═════ Source information
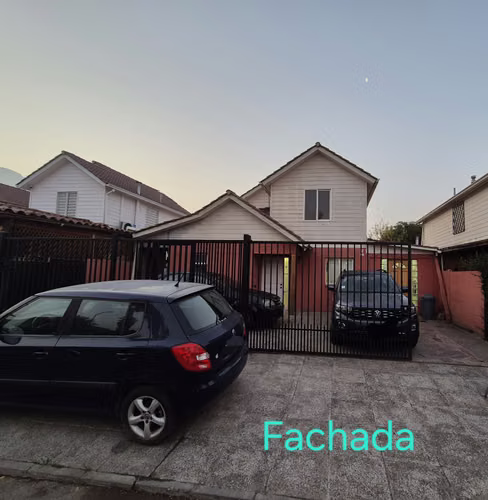 Bella Casa Amplia Psje Micro Barrio Maqui Larapinta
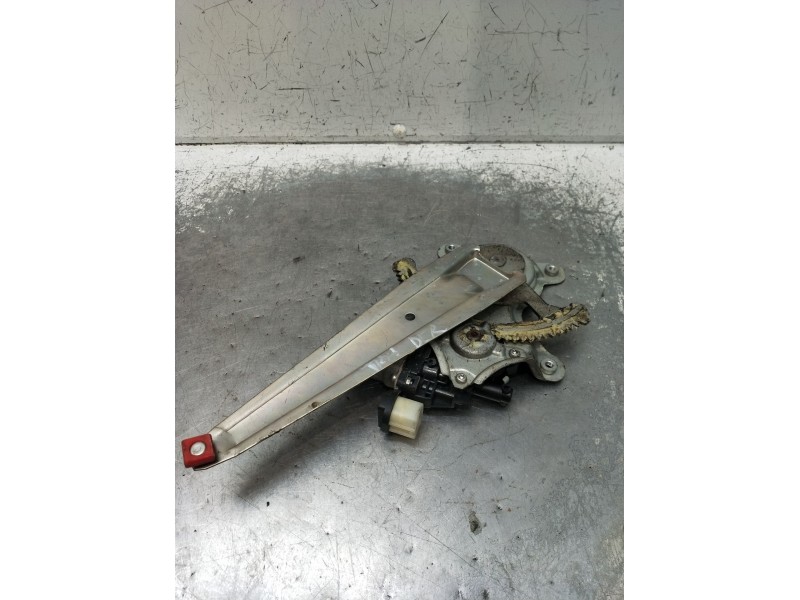 Recambio de elevalunas trasero derecho para mitsubishi l200 / triton (ka_t, kb_t) 2.5 di-d 4wd (kb4t) referencia OEM IAM AE06204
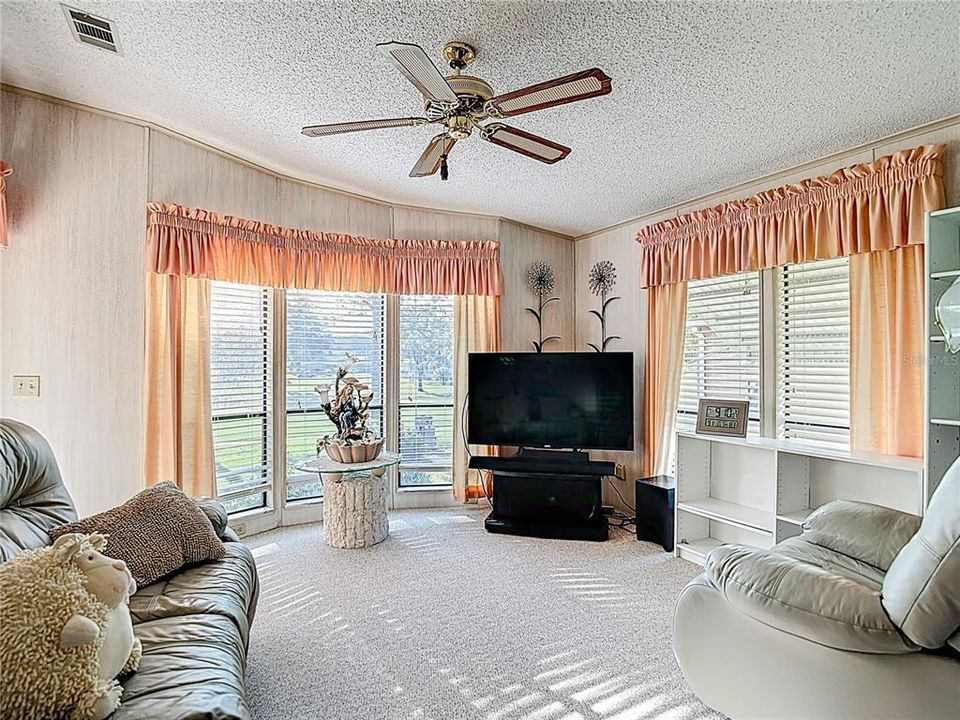 For Sale: $199,000 (2 beds, 2 baths, 1512 Square Feet)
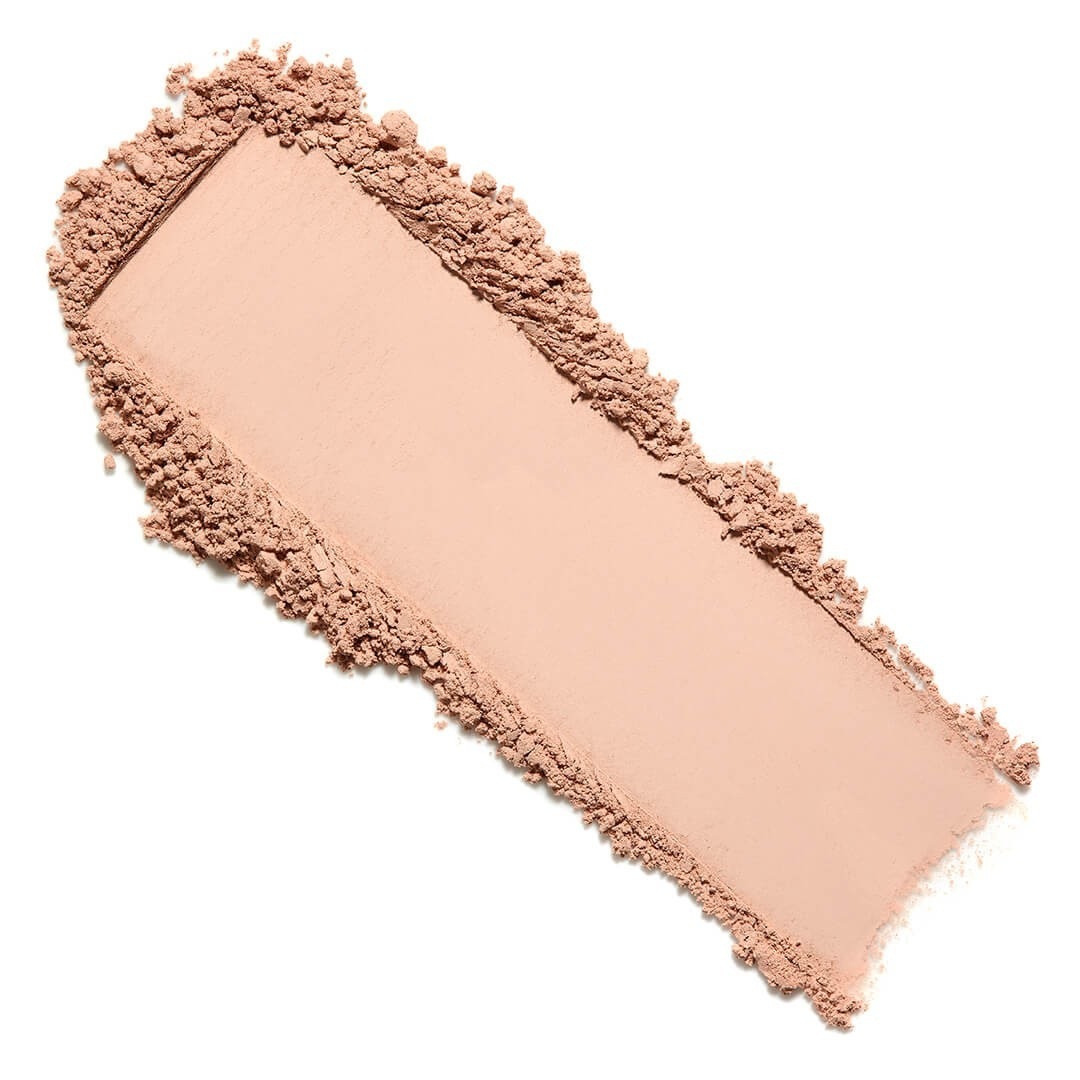 Base de maquillaje mineral Lily Lolo SPF 15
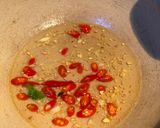 Foto langkah ke 2 dari resep Tumis Samhong Saus Tiram.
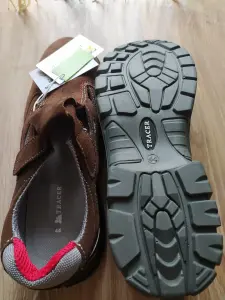 Спецобувь 44 размер. Высокого качества. Новая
══════════
**Your goal**
Give back, word for word, the lines from the one containing "For Sale: $199,000" through the last line of the listing above; include both ends and exclude the pictures.

**Your response**
 For Sale: $199,000 (2 beds, 2 baths, 1512 Square Feet)
 Base de maquillaje mineral Lily Lolo SPF 15
 Foto langkah ke 2 dari resep Tumis Samhong Saus Tiram.
 Спецобувь 44 размер. Высокого качества. Новая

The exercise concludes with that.